Here it was the Ninth he brought to life, the only item on the programme in the event, as Britten’s Sinfonia da Requiem was simply dropped (there could have been interesting inter-work reflections between them, but that was not to be). At an hour and 35 minutes, in his reading, it was a concert in its own right, and you would be right to conclude that he does not rush it.
What he does do is to emphasise the expressionist and proto-modernist aspects of the writing, and to bring its emotional charge to the full in every aspect. If there’s one word that’s often been deployed to convey the essential quality of the symphony, it’s “valedictory” – but that applies most obviously to the first and last movements, which are (startlingly) both slow, often elegiac and long-drawn-out. Mahler himself would have said that the symphony should encompass a whole world in its discourse, and the other lands this experience visited were varied indeed.

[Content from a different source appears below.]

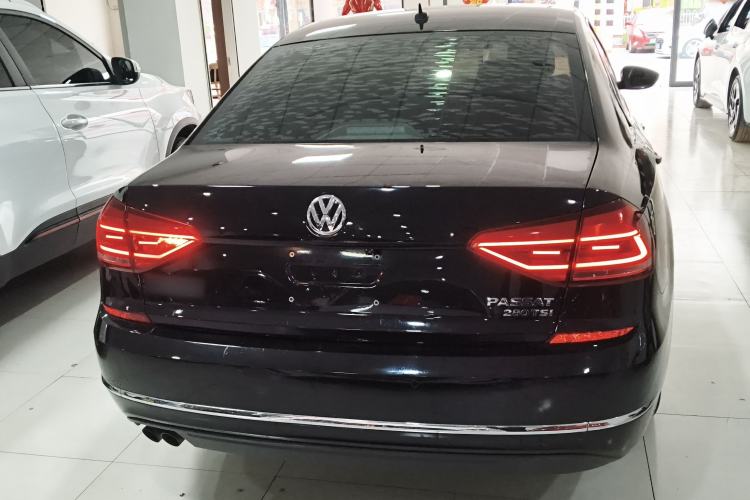 Used Volkswagen Passat 2017 280TSI DSG Luxury Edition Rear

The opening of the first movement – bare and seemingly almost atonal in its stark laying out of its fundamental motifs in the first bars – contrasted with a surge of feeling as the strings took up the tale, particularly in a palpable hesitation on the two up-beat staccato quavers when the first violins finally make their entry. This was to be flexible and passionate playing (Zoë Beyers leading), and though I wondered at first whether Gamzou’s extravagant gestures were going to hinder the orchestra’s reading of his exact beat, there were only occasional hints of any lack of unanimity.
The movement had drama in it, despite the measured pace of much of its progress, and when its acceleration came, the effect was all the more incisive. A sense of grotesquerie as the music reached the recall of its opening was becoming apparent, but gave way to its extended, nostalgic final pages with lovely solo playing from Beyers, Victoria Daniel (as principal flute), Javier Molina Parra (guest principal horn) … and Clifford Llantaff, making a welcome return to the ranks as guest principal harp.

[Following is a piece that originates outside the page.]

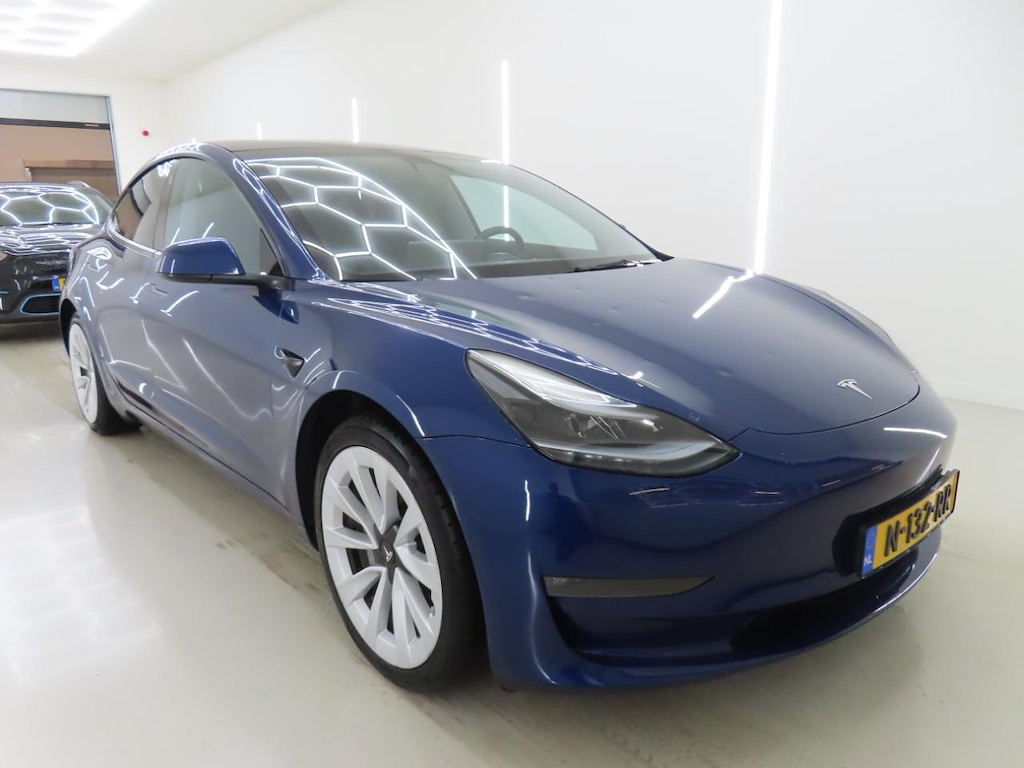 Photo 7 of Tesla Model 3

Mahler asks for the playing in his second movement, which begins in his much-loved rustic waltz idiom of the Ländler, to be clumsy and rough. Well, it was never less than beautifully precise in the playing of the overlapping rhythmic figures involved, and Gamzou took its middle part at a good lick, before the introduction of what is really the whole work’s “motto” – the two-note sigh of a falling major second, which was touching, before an exciting finish to the reprised introduction. The third movement of the symphony was confident and achieved its purpose by more economic means as far as the conductor’s movements were concerned. Tempo changes were neat and smooth: the interruptions of the timpani to its more restful moments very pronounced (they’re certainly meant to stand out – maybe this time they did so a bit too obviously). Sub-principal viola Sarah Greene made her soulful presence felt in the solo viola’s melody, and the acceleration of the stretto and warp-speed concluding presto were thrilling.
The last movement – “very slow and even holding back”, as Mahler marked it – was poised and heartfelt, the strings’ playing of the two main themes both focused and intense, and solo contributions from the wind as eloquent as before (and guest principal cello Karen Stephenson’s particularly memorable amid the delicacy of the full grouping). By the end it’s all about sustaining the sense of a calm so precious you hardly dare breathe – a tension unlike that of almost any other symphonic work – which Gamzou and the orchestra achieved amazingly. The sound of this pianissimo was tinier than any I’ve ever heard: you could have heard a pin drop, as they say, but no pin did, and it was a full 40 seconds after the last note died, when Gamzou finally closed the score, that the audience’s response erupted.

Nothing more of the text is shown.